Esta relación está bastante de acuerdo con las extensas noticias que nos da Gonzalo de Oviedo en su citado manuscrito de lo que pasó en aquel período. Oviedo cuenta pormenores muy individuales, y anécdotas muy curiosas, que él mismo presenció, de las expediciones que Carlos V y Francisco I hacían juntos de Madrid a Torrejón de Velasco, y de aquí a Illescas, donde estaban las reinas doña Leonor y doña Germana, de las visitas que se hicieron, de las danzas y fiestas que hubo con este motivo, y hasta de los diálogos entre el emperador y el rey, entre Francisco y doña Leonor, a quien todos llamaban ya la reina de Francia, y entre las dos reinas y los dos soberanos. Estas expediciones y estas visitas duraron hasta el 20 de febrero en que se despidieron Carlos y Francisco.
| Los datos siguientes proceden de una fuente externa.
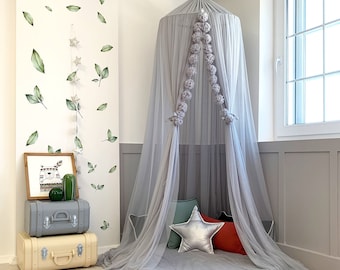 Grey Crib Canopy Tulle Nursery Canopy Kids Canopy Play Room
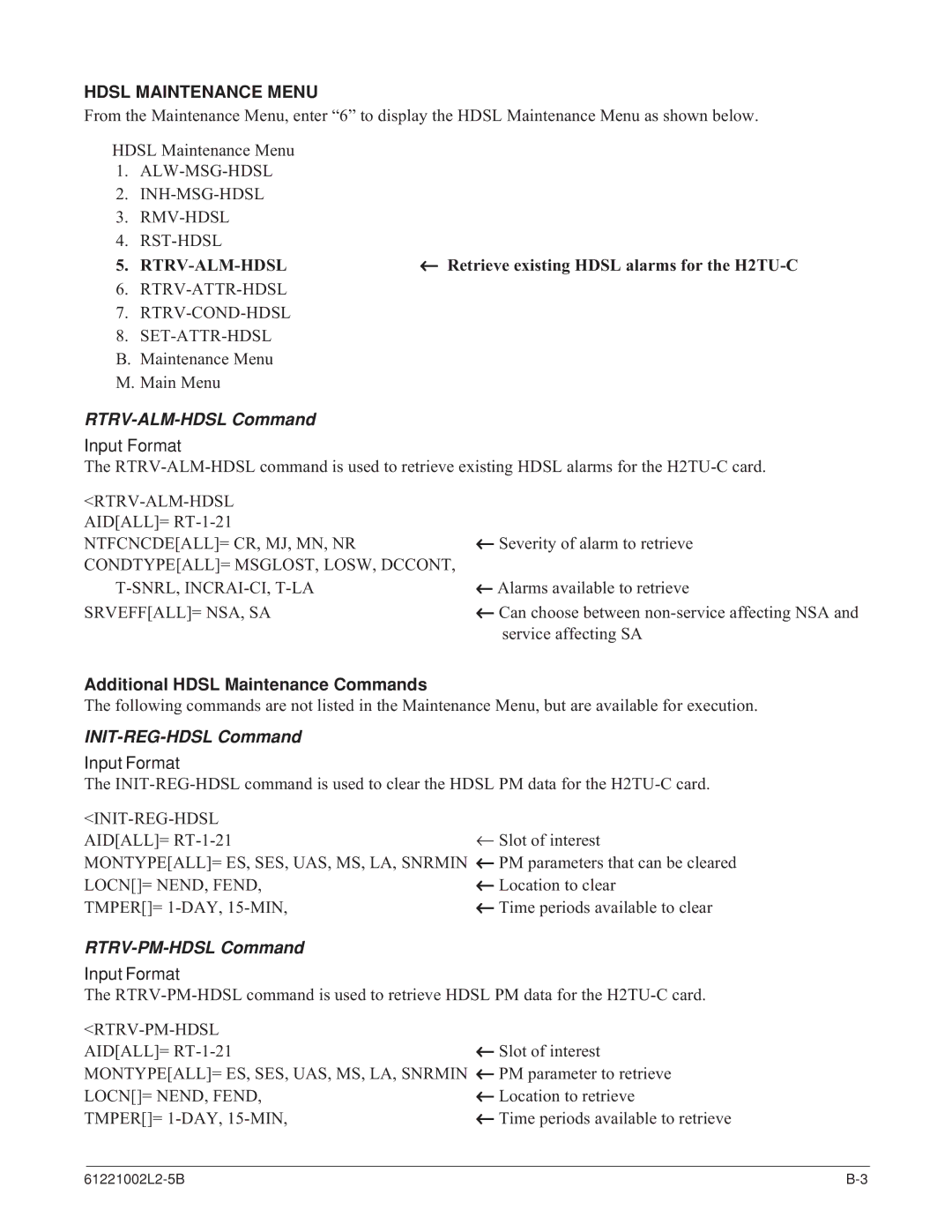 ADTRAN AHDSL2 Hdsl Maintenance Menu, RTRV-ALM-HDSL Command, Additional Hdsl Maintenance Commands, INIT-REG-HDSL Command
{16} Los portugueses mostraron bien su satisfacción en el hecho de haber dado a la princesa Isabel el cuantioso dote de novecientos mil ducados. El obispo Sandoval refiere minuciosamente las magníficas fiestas que con motivo de estas bodas se hicieron en Sevilla, y copia y traduce todos los versos latinos que en alabanza del César se pusieron en los arcos triunfales. Hist. de Carlos V, lib. XIV, párr. 9.

{17} Ceremonial convenido para el acto de la libertad del rey. Colección de documentos, número 213, pág. 510.

{18} Colección de documentos relativos a la cautividad de Francisco I.– MS. de Gonzalo de Oviedo, en la Biblioteca nacional.– Documentos de la casa del conde de Haro, que originales vio Sandoval, y a que se refiere en el lib. XIV de su Historia.– Dormer, Anales de Aragón, lib. II.– Ulloa, Vida del emperador Carlos V.– Robertson, Hist. del emperador, lib. IV.

En la citada Colección de documentos hecha de orden del rey de Francia y publicada en 1847, hay multitud de poesías líricas compuestas por el rey Francisco I durante su prisión en Italia y en Madrid, algunas de las cuales sin duda no carecen de mérito, y aún las comparan los franceses a las de su maestro Clemente Marot. Lo que podemos nosotros decir es que, a juzgar por el número de sus composiciones, la musa de Francisco I era por lo menos fecunda.